The ruling, which will be posted at 10 a.m., will also determine whether an estimated 18,000 same-sex marriages will continue to be recognized by the state.
Gay rights lawyers have argued that the ballot measure was an illegal constitutional revision rather than a more limited amendment. Atty. Gen. Jerry Brown urged the court to reject the measure on different grounds. He contended the proposition was unconstitutional because it took away an inalienable right without compelling justification.
Chief Justice Ronald M. George and Justice Joyce L. Kennard will cast key votes in the case. They were part of the four-judge majority that gave gays the right to marry last May, but both indicated at oral argument that they were not persuaded the measure was unconstitutional.
The court’s majority decision should be revealed in the first or second page of the ruling and reiterated in its last paragraph. Separate concurring and dissenting opinions follow.
Counting votes may be tricky because the court is dealing with three different legal issues: the revision challenge, the attorney general’s challenge and the fate of existing same-sex marriages.
The court’s vote on whether Proposition 8 is an impermissible revision, for example, will probably differ from its vote on whether existing marriages should continue to be recognized by the state.
Justices who disagree with the majority file dissents. If they agree with only part of the majority decision, they file an opinion called a partial concurrence and dissent.
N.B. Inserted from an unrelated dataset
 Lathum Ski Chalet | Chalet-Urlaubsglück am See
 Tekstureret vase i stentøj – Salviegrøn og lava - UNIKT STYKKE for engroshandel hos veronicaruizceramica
During oral argument in March, every justice expressed support for upholding existing marriages. Justice Carlos M. Moreno indicated he believed Proposition 8 was an illegal revision, indicating he would dissent on that question
Moreno might be joined by Justice Kathryn Mickle Werdegar, a former civil rights lawyer who stressed the court was dealing with a novel legal question. Werdegar, however, did not join Moreno in voting to put the measure on hold pending the court’s ruling.